To further evaluate the effectiveness of the intervention against different variants of concerns, we simulated transmission scenarios with four known variants. The results showed that the transmission scale of Gamma, Beta, Alpha and the wild-type variants all showed more than 50% reduction compared with the actual cumulative infections with the Delta variant, supporting that the current strategies are effective to contain previously or currently circulating major variants.

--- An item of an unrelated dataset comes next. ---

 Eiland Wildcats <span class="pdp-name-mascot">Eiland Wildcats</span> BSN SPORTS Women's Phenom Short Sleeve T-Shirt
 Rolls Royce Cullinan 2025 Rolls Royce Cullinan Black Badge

We found that timely and more precise multiple interventions including mass testing and contact tracing of at-risk populations are effective in controlling COVID-19 outbreak. Similar outcomes were found in New Zealand [37], Singapore [38], Hong Kong [39], and other cities of Mainland China [40], when these countries or region adopted transitional “COVID-zero” strategy to get more time to improve the COVID-19 vaccination rates. Although there has been no consensus about the best strategy for managing COVID-19 outbreaks due to differences in politics, culture and economy between countries, we provide an effective controlling strategy that requires greater government enforcement and citizen compliance.

4.1 Limitations

The SEPIR model provides an insight into the spread of the disease and helps to evaluate the effectiveness of control measures in reducing the spread of the disease. The results from transmission dynamic models can inform policy decisions related to the COVID-19 pandemic, such as when to implement or lift restrictions. This model also has some limitations. First is the assumptions and uncertainties: the transmission dynamic models rely on many assumptions about disease transmission, such as the infectivity of the virus and the effectiveness of control measures. These assumptions may introduce uncertainties in the model's predictions. Second is the difficulty in modeling complex situations: Modeling complex scenarios, such as the impact of multiple control measures or the emergence of new virus variants, can be challenging and may require more complex models. Third, in our simulations, we assumed that resources were adequate and all the NPIs were effectively implemented even as the numbers of cases surged. In reality, as disease transmission increased, some resources (e.g., centralized quarantine facilities) would be depleted and eventually become short. Fourthly, though HCPC is an integrated strategy with multiple interventions, our study could only quantify a combined effect rather than the contribution of each intervention.

5 Conclusions

In summary, the HCPC strategy can effectively contain COVID-19 transmission caused by the Delta variant. Under such strategies, large-scale mass testing and effectively graded and adjusted management of affected areas were the top selections as major policies and are thought to contribute to the successful containments of several outbreaks from expanding to larger scales [41,42,43]. In addition, through mathematic modeling, we suggested that it is important to apply intervention in a timely manner. This is helpful not only as a means to supplement the current COVID-19 epidemic prevention and control strategy in China, but also provides potentially valuable supplement to COVID-19 outbreak prevention and control worldwide. As the world is faced with the serious challenges of emerging and reemerging infectious diseases, the HPCP strategy provides valuable experience for other countries to deal with the local epidemic breakouts caused by an emerging infectious pathogen such as SARS-CoV-2 Delta. For the future, our study also proposed a feasible approach to conduct a reliable assessment of prevention policy before implementing intervention for emerging infectious diseases.